--- Record set Enclosed Below ---

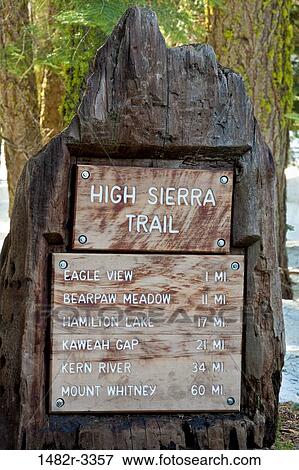 USA, California, Sequoia National Park, Close-up of Trail sign View Large Photo Image Stock Photo - USA, California, Sequoia National Park, Close-up of Trail sign. Fotosearch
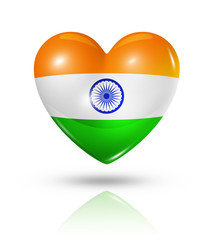 Fototapeta premium Love India, heart flag icon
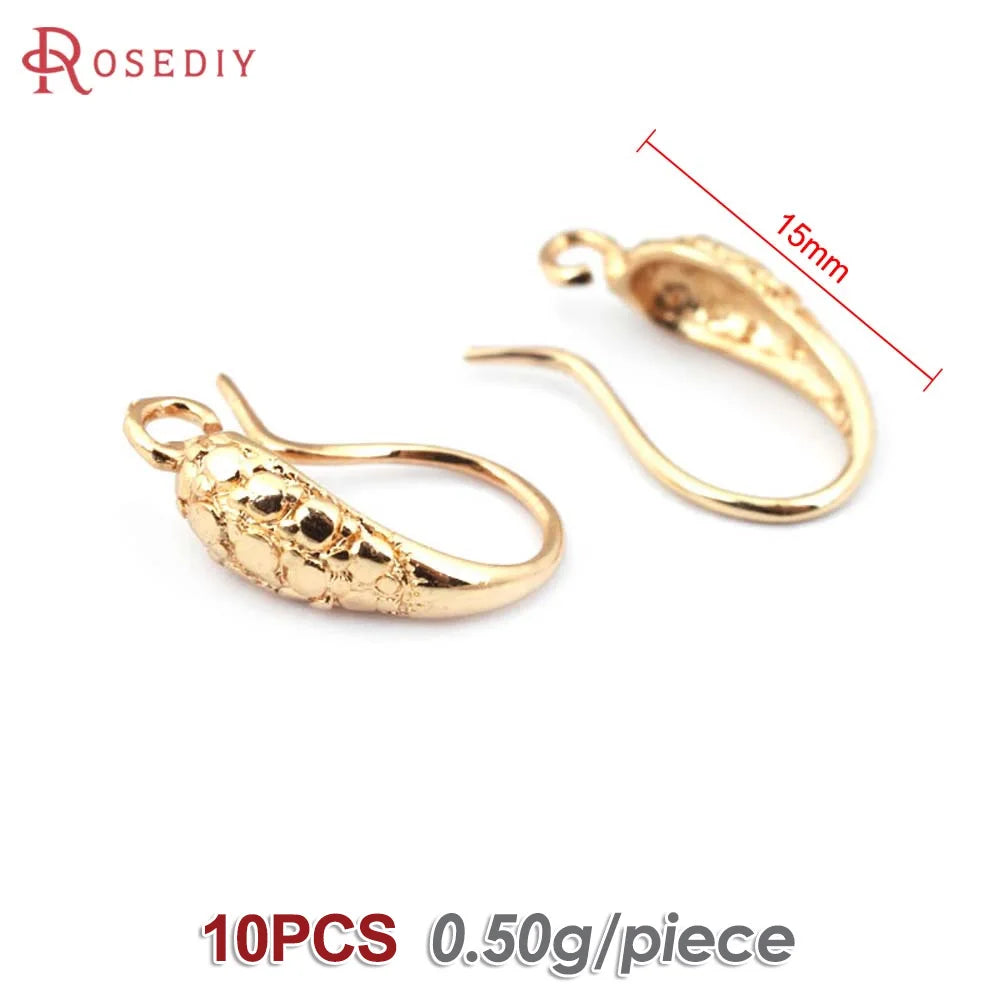 10PCS Antique Silver Color 18K Gold Color Brass Earring Hook High Quality Diy Jewelry Making Earrings Accessories for Women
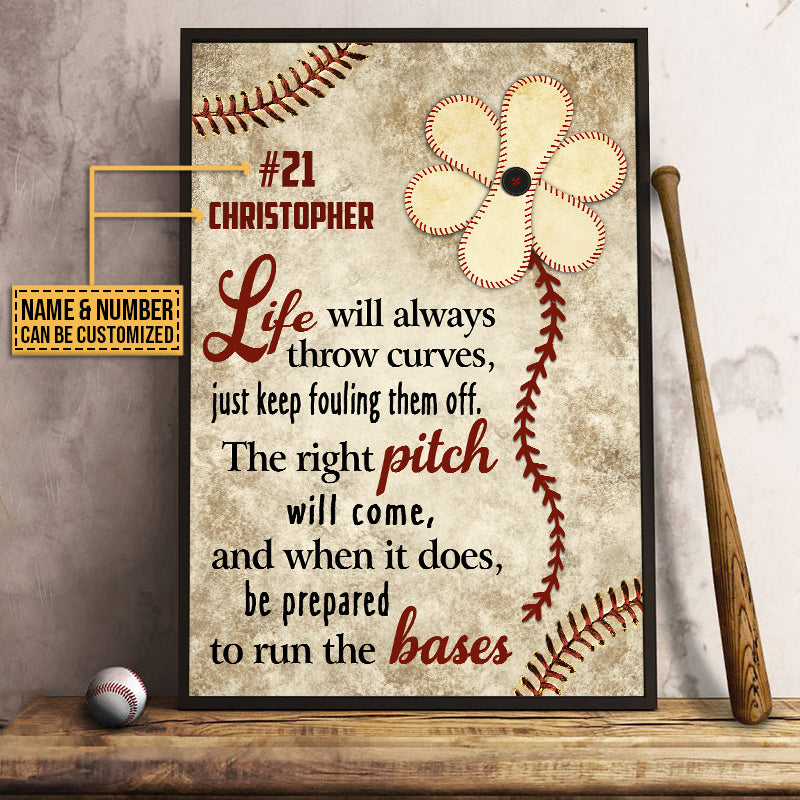 Personalized Baseball Life Always Throw Curves Customized Poster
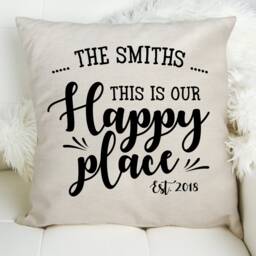 Personalised New Home Wedding Gift Cushion Cover Happy Place House Warming Gift Vintage Style Decor 16 Inch - thumbnail 3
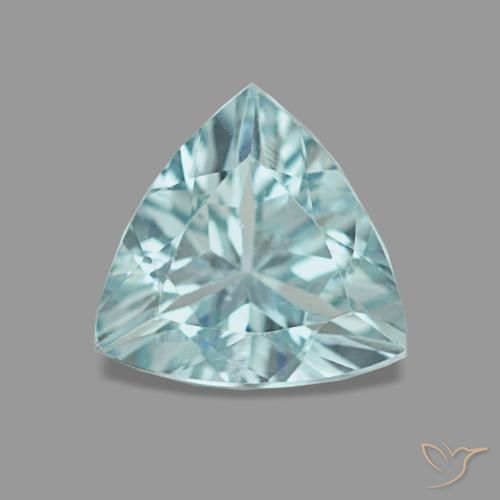 Aguamarina turquesa natural de 0,93 ct, trillón, VVS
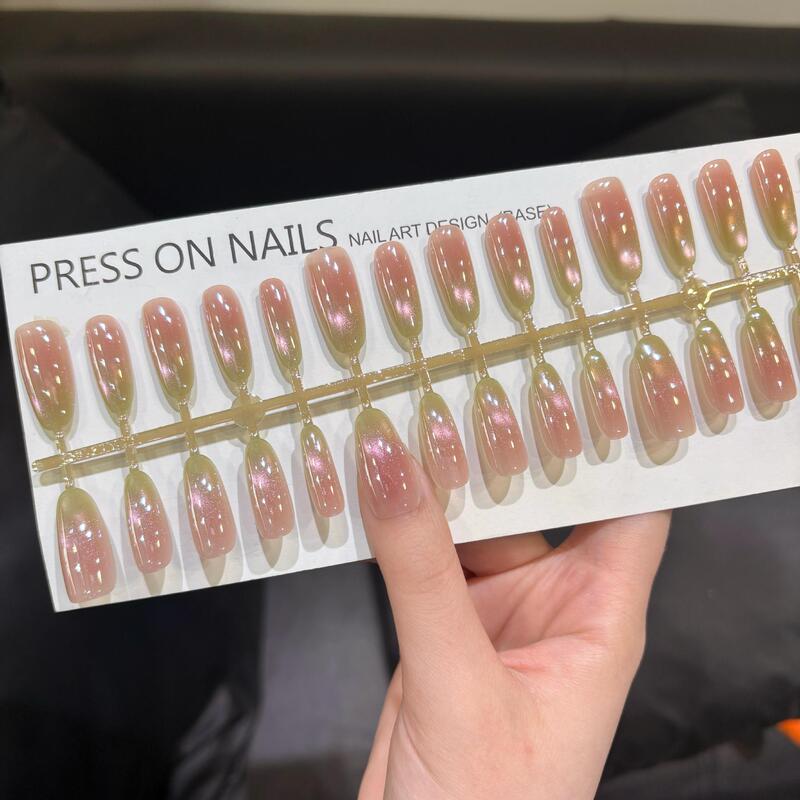 Guava Green Cat Eye Electroplated Nail Art Semi-Finished Glass Bead Candy Summer Pre-Made Nail Pieces 166Ba Guava Green Cat Eye Electroplated Nail Art Semi-Finished Glass Bead Candy Summer Pre-Made Nail Pieces 166Ba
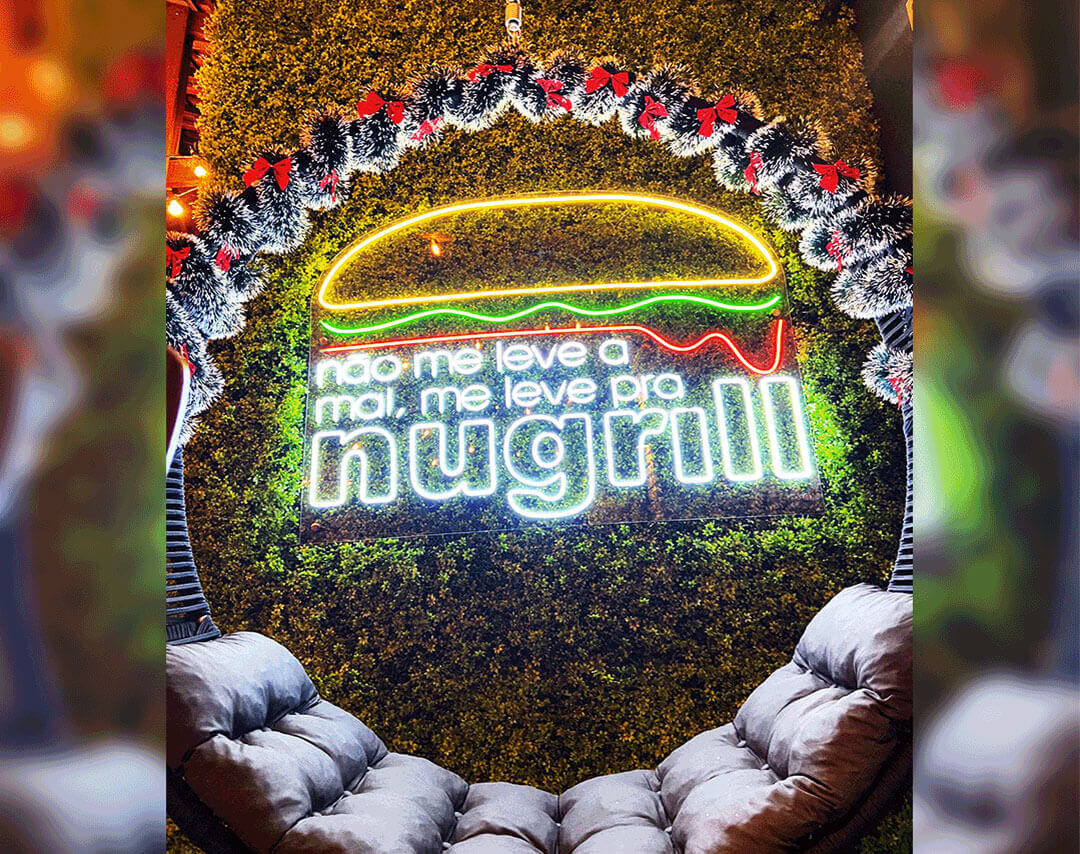 Painel em LED Neon para espaço instagramável — Hamburgueria Nugrill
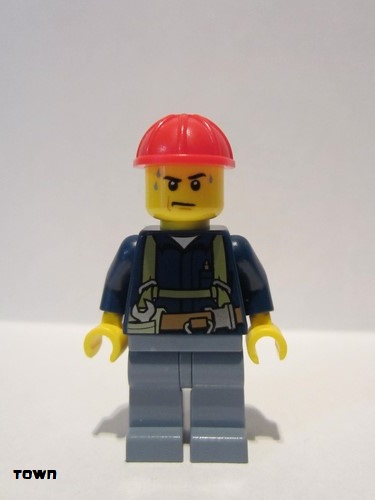 lego 2015 mini figurine cty0530 Construction Worker Shirt with Harness and Wrench, Sand Blue Legs, Red Construction Helmet, Sweat Drops 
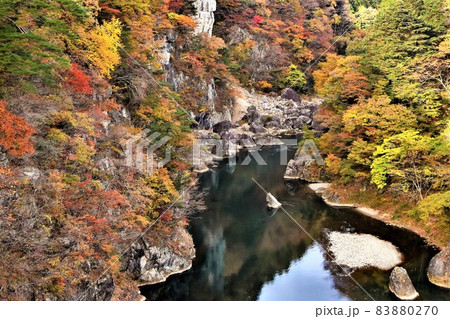 日光鬼怒川 鬼怒楯岩大吊橋からの紅葉 日光鬼怒川 鬼怒楯岩大吊橋からの紅葉 83880270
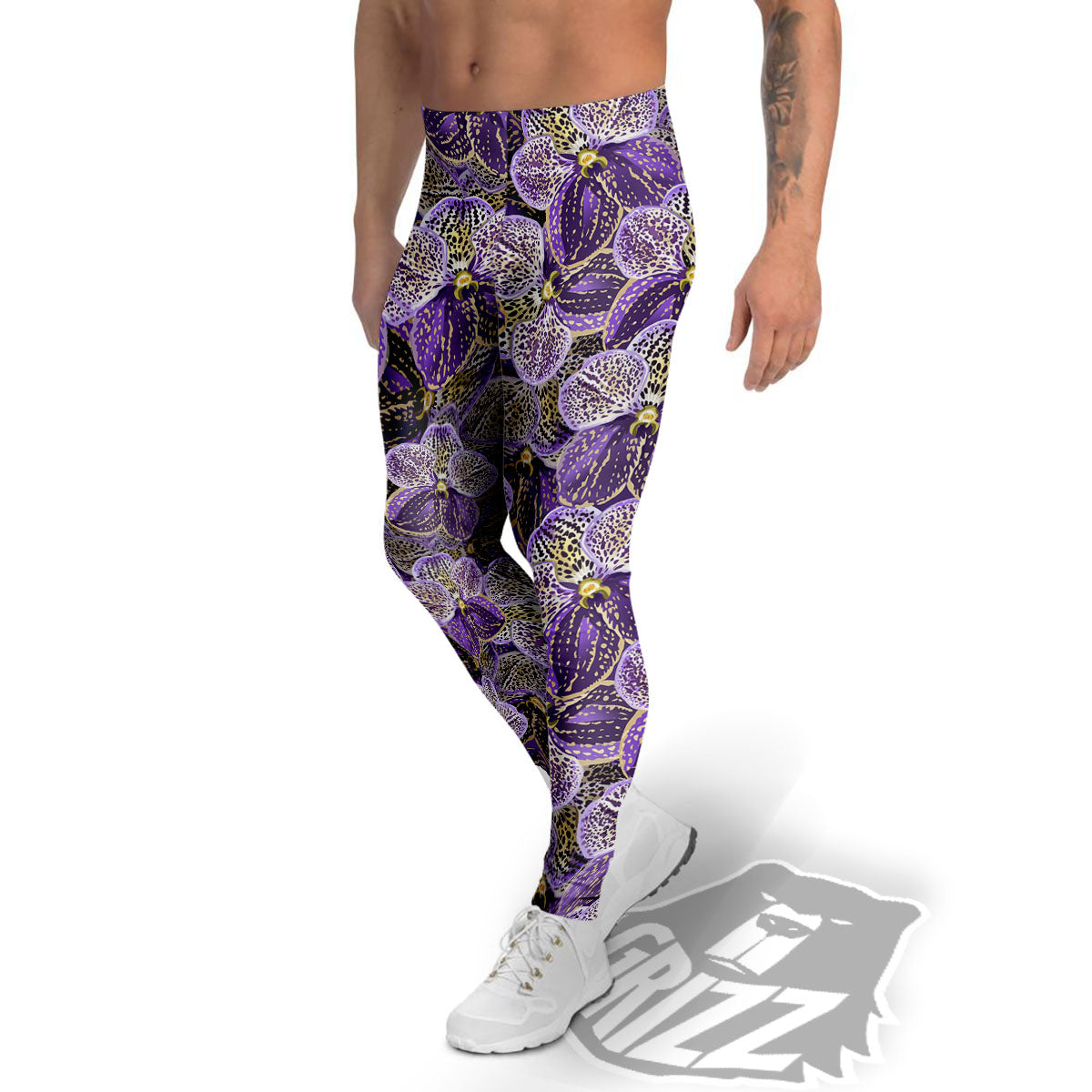 Flower Orchid Purple Print Pattern Men's Leggings-grizzshop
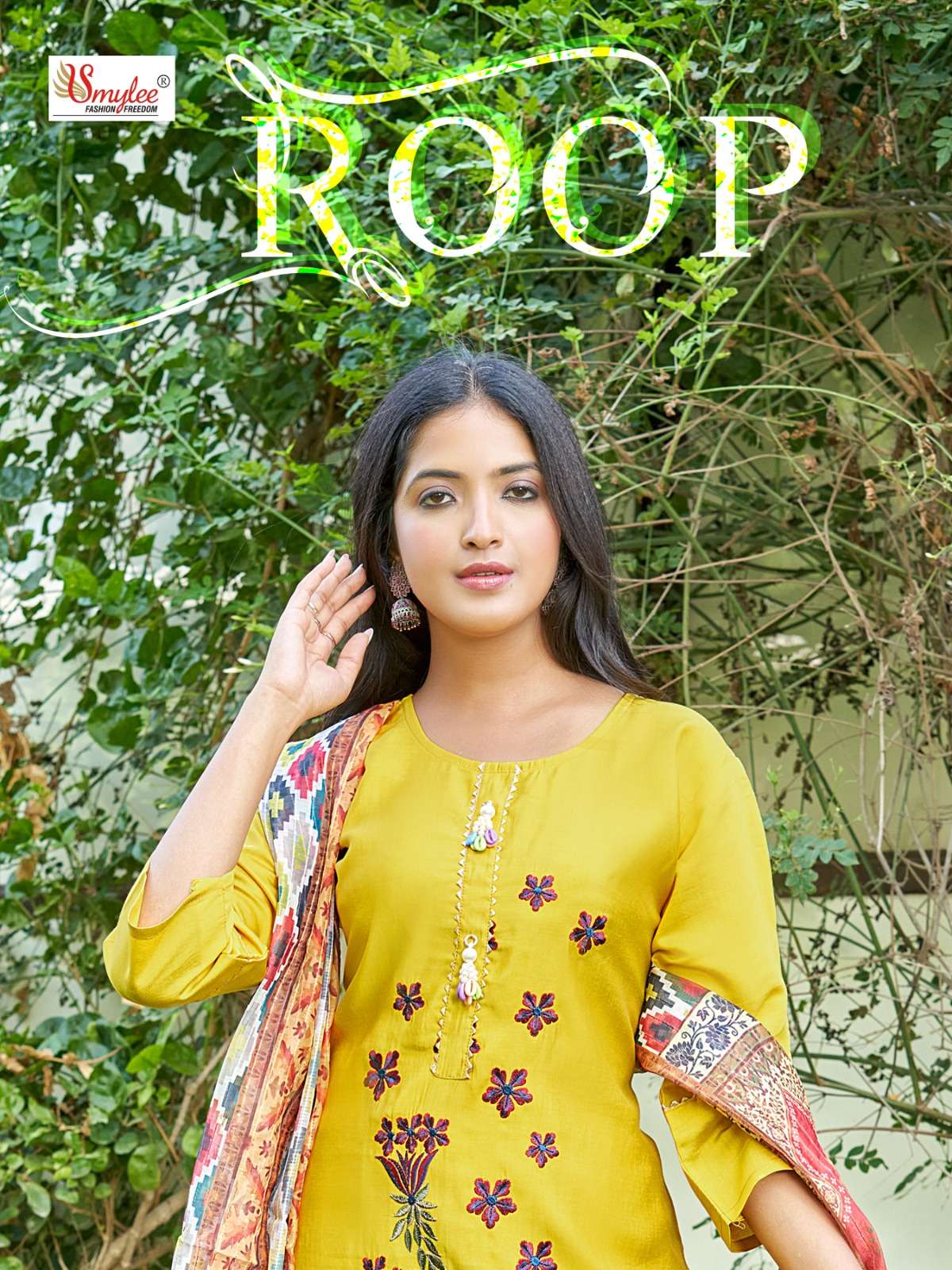 smylee present roop fancy digital embroidery straight kurti with pant and dupatta 3 peice set catalog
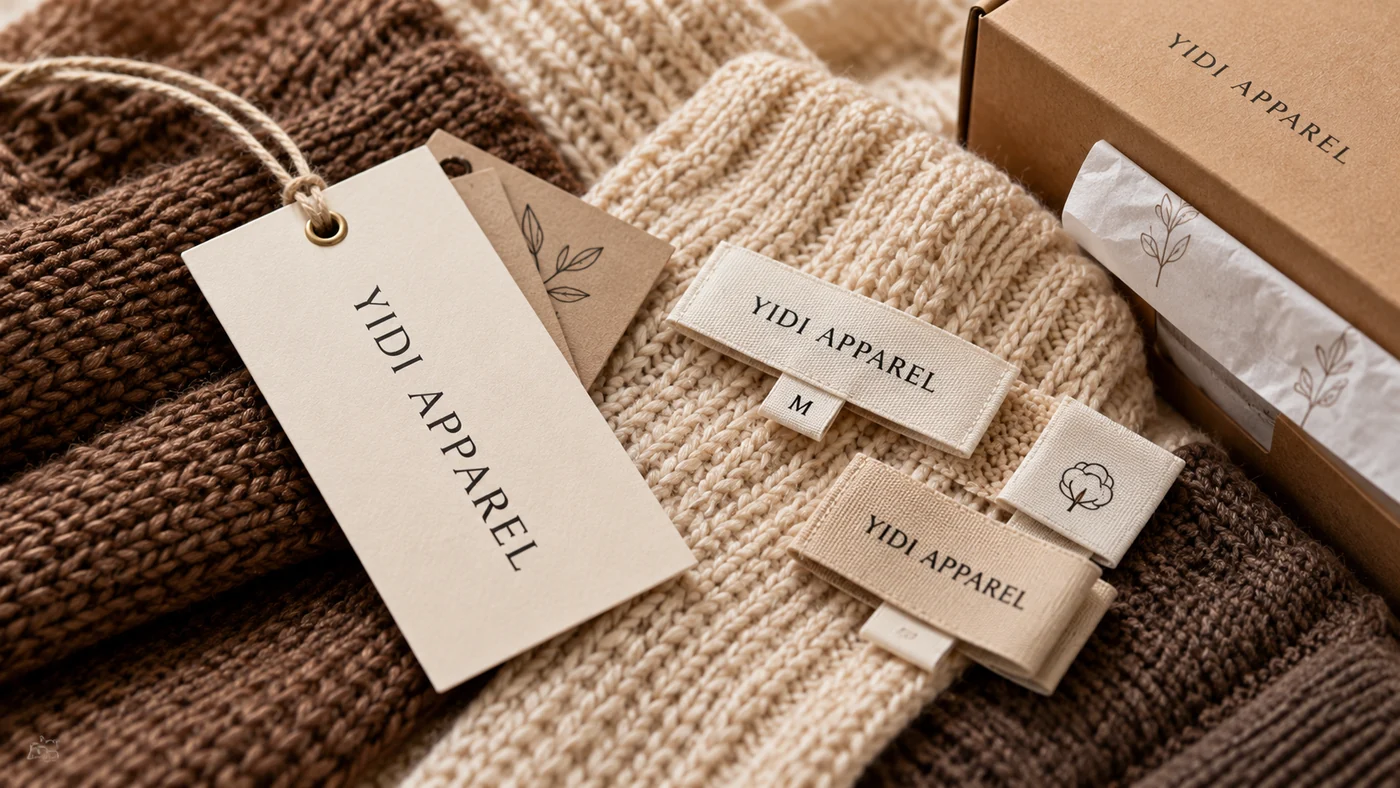 Illustration of YIDI Apparel hangtags, woven labels and packaging on neutral knitwear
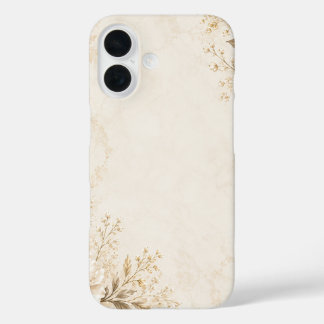 Elegante neutrale Blumen-Handyhülle | Luxuriöse Bo iPhone 16 Hülle
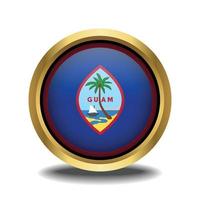 Guam Flag circle shape button glass in frame golden vector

--- End of Enclosed Record set ---

■ **What to produce**: Restate word for word the lines from the one with "Painel em LED" to the end of the material, both included. Do not include the pictures.

■ **The completed task**:
 Painel em LED Neon para espaço instagramável — Hamburgueria Nugrill
 lego 2015 mini figurine cty0530 Construction Worker Shirt with Harness and Wrench, Sand Blue Legs, Red Construction Helmet, Sweat Drops 
 日光鬼怒川 鬼怒楯岩大吊橋からの紅葉 日光鬼怒川 鬼怒楯岩大吊橋からの紅葉 83880270
 Flower Orchid Purple Print Pattern Men's Leggings-grizzshop
 smylee present roop fancy digital embroidery straight kurti with pant and dupatta 3 peice set catalog
 Illustration of YIDI Apparel hangtags, woven labels and packaging on neutral knitwear
 Elegante neutrale Blumen-Handyhülle | Luxuriöse Bo iPhone 16 Hülle
 Guam Flag circle shape button glass in frame golden vector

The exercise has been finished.